→ Action item:
From the data below, repeat exactly the lines from the line with "Білий Рено Трафік, об'ємом" to the line with "4404 Banks Pl NE — Photo 8", both included.

→ Material provided:
"""

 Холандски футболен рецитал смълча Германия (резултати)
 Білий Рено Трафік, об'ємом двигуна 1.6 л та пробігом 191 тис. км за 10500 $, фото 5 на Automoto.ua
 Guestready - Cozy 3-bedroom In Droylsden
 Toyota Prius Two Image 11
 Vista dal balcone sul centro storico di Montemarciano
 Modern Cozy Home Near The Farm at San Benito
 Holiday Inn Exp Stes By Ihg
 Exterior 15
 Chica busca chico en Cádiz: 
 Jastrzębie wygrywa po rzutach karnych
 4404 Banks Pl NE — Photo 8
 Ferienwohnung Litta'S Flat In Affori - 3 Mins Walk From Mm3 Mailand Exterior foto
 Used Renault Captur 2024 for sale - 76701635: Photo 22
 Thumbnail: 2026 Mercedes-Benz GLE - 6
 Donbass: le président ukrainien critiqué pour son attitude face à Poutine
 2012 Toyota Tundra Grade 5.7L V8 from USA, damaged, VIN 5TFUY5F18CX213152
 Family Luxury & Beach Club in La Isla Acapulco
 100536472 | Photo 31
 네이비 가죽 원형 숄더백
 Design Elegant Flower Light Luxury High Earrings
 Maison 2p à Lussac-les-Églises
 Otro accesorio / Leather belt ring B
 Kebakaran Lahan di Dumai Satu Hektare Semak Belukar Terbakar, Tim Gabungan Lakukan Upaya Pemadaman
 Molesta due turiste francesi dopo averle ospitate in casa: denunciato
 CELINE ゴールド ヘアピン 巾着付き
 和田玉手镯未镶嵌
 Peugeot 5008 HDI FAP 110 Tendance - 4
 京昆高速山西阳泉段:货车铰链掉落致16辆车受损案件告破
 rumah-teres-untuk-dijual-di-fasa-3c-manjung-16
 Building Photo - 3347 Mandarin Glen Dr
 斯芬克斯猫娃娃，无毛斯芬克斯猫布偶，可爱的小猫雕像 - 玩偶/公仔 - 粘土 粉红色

"""

→ Problem solution:
 Білий Рено Трафік, об'ємом двигуна 1.6 л та пробігом 191 тис. км за 10500 $, фото 5 на Automoto.ua
 Guestready - Cozy 3-bedroom In Droylsden
 Toyota Prius Two Image 11
 Vista dal balcone sul centro storico di Montemarciano
 Modern Cozy Home Near The Farm at San Benito
 Holiday Inn Exp Stes By Ihg
 Exterior 15
 Chica busca chico en Cádiz: 
 Jastrzębie wygrywa po rzutach karnych
 4404 Banks Pl NE — Photo 8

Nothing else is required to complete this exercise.